**Task goal:**
Take the listing and print it in full, exactly as given.

**Recorded information:**
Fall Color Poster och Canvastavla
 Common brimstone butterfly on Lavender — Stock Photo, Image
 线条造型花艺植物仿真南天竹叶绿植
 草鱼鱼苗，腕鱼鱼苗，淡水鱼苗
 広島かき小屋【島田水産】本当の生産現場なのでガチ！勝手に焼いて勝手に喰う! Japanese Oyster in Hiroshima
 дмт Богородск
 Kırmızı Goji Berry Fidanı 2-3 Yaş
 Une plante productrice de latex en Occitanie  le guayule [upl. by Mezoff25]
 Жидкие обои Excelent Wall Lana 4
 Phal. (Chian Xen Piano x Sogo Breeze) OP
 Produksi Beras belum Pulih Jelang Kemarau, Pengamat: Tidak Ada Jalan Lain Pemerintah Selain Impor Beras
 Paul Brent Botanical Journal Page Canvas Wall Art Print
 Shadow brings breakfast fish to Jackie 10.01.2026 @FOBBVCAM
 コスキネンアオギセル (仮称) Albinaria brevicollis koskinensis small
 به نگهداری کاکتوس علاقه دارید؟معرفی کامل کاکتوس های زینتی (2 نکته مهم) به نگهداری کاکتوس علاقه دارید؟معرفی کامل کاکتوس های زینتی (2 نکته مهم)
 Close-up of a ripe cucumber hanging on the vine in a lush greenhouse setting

**Result:**
Fall Color Poster och Canvastavla
 Common brimstone butterfly on Lavender — Stock Photo, Image
 线条造型花艺植物仿真南天竹叶绿植
 草鱼鱼苗，腕鱼鱼苗，淡水鱼苗
 広島かき小屋【島田水産】本当の生産現場なのでガチ！勝手に焼いて勝手に喰う! Japanese Oyster in Hiroshima
 дмт Богородск
 Kırmızı Goji Berry Fidanı 2-3 Yaş
 Une plante productrice de latex en Occitanie  le guayule [upl. by Mezoff25]
 Жидкие обои Excelent Wall Lana 4
 Phal. (Chian Xen Piano x Sogo Breeze) OP
 Produksi Beras belum Pulih Jelang Kemarau, Pengamat: Tidak Ada Jalan Lain Pemerintah Selain Impor Beras
 Paul Brent Botanical Journal Page Canvas Wall Art Print
 Shadow brings breakfast fish to Jackie 10.01.2026 @FOBBVCAM
 コスキネンアオギセル (仮称) Albinaria brevicollis koskinensis small
 به نگهداری کاکتوس علاقه دارید؟معرفی کامل کاکتوس های زینتی (2 نکته مهم) به نگهداری کاکتوس علاقه دارید؟معرفی کامل کاکتوس های زینتی (2 نکته مهم)
 Close-up of a ripe cucumber hanging on the vine in a lush greenhouse setting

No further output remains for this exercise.